State authorities, corporate leaders and their bought-&-paid-for mass
media have one major aim-to hobble, confuse, and eventually disperse and
destroy the current antiglobalization upsurge. Their range of tactics will
include anything that works without causing too many other problems for
them. This means that police violence and judicial repression, along with
lies and the sowing of mass confusion will remain their favored set of
weapons. Since the truth about capitalism and globalization is their enemy,
they will make every effort to obscure it. And since an informed, concerned,
and active populace is also their enemy, they will take every opportunity to
intimidate, harass, beat, jail and terrorize protestors whenever they can
get away with it.
This means one thing above all others for those sympathetic with the aims
of antiglobalization protests: Anyone who calls on antiglobalization
protestors to "Stop the Violence!" without much more pointedly and vocally
calling for an end to violence by cops is playing into the hands of the 
cops, their governmental masters, and the corporate mass media.
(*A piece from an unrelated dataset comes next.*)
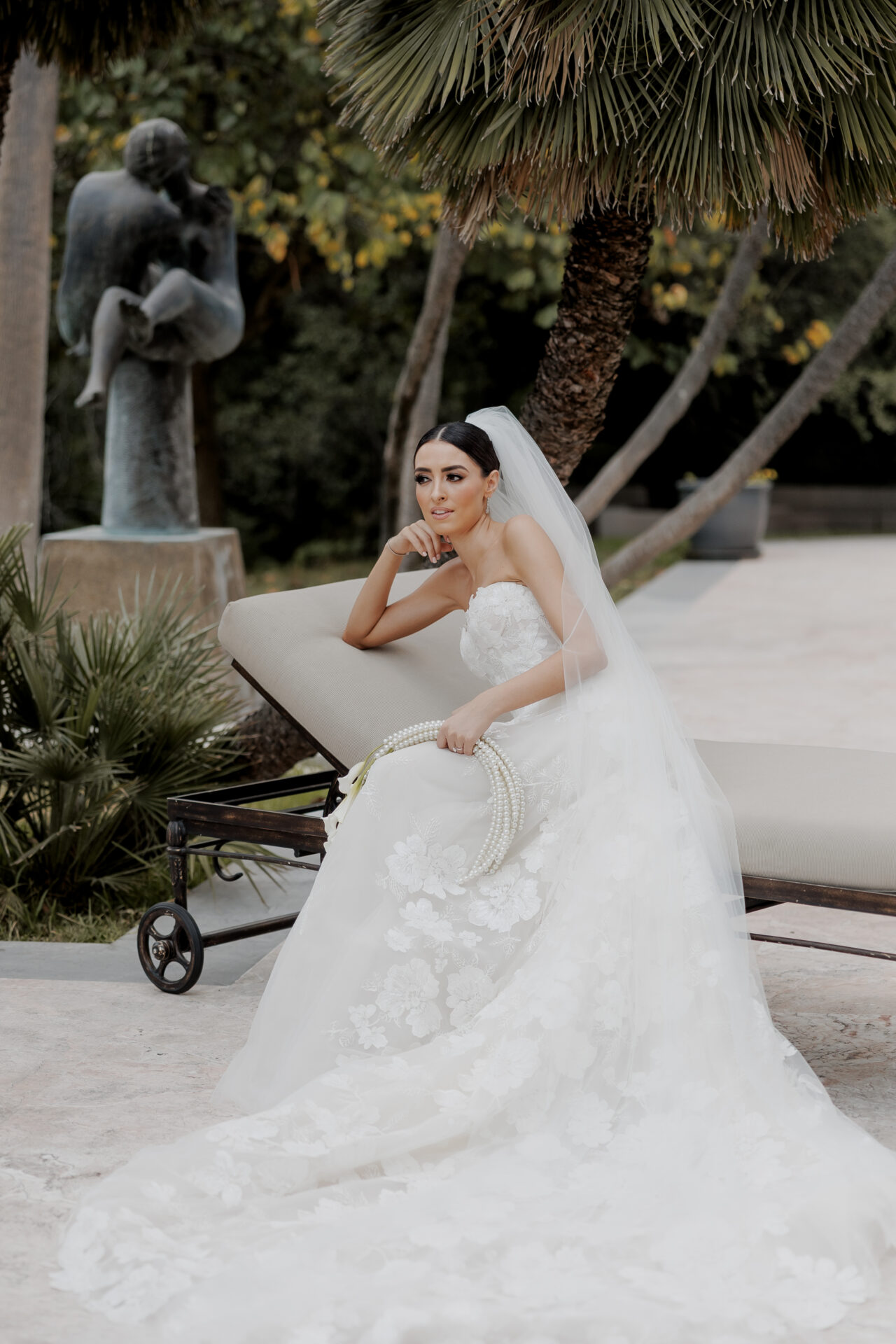 Katya Ruiz poses in strapless gown with veil and flowers.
The more liberal arm of the establishment, corporate media will rarely
fail to encourage and praise the liberal, progressive and pacifist
globalization-reform elements for their "responsibility" (read:
"ineffectiveness at fundamentally challenging the powers-that-be"), while
demonizing the radical anticapitalists among antiglobalization protestors.
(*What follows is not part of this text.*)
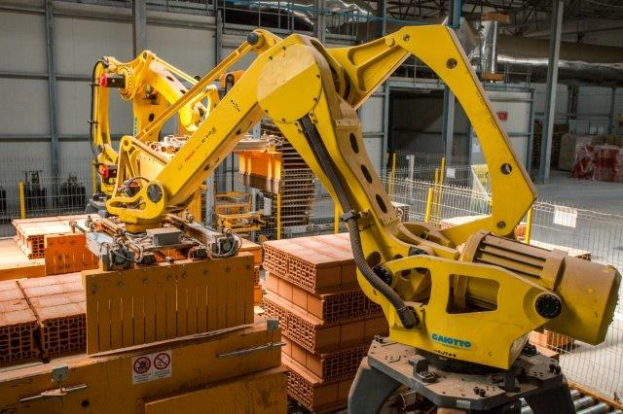 Großes industrielles Lager mit gestapelten Kisten, Überkopfkrane, Zaun, Pfosten und einer fernen Wand in einer Fertigungsumgebung.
This is obviously because the liberal arm of the corporate media understands
the importance of recuperating radical resistance. The more conservative arm
of the mass media, like the "bad cop" of the "good" and "bad cop" routine,
will generally denounce any protestors anywhere who aren't explicitly
demanding more power to the corporations and state.
Thus, the liberal media will always eat up statements like that of  Anne
Summers, the international board chair of Greenpeace, who wrote in the
Sydney Morning Herald (7/23/01) that "...the violent part of the
[antiglobalization] movement is to be condemned," even as she expressed
(what she obviously considers an uncontroversial opinion) that people 
should seriously consider the criticisms of the antiglobalization movement 
by Henry
Kissinger (a man responsible for nothing less than mass murder in a number
of countries!). By such statements people like Anne Summers make themselves
the enemies of the antiglobalization movement and must be treated as such.
Any genuine movement criticisms of protest violence must always be framed in
the explicit context of the condemnation of the (always much more brutal 
and illegitimate) violence of the forces of state and corporate repression.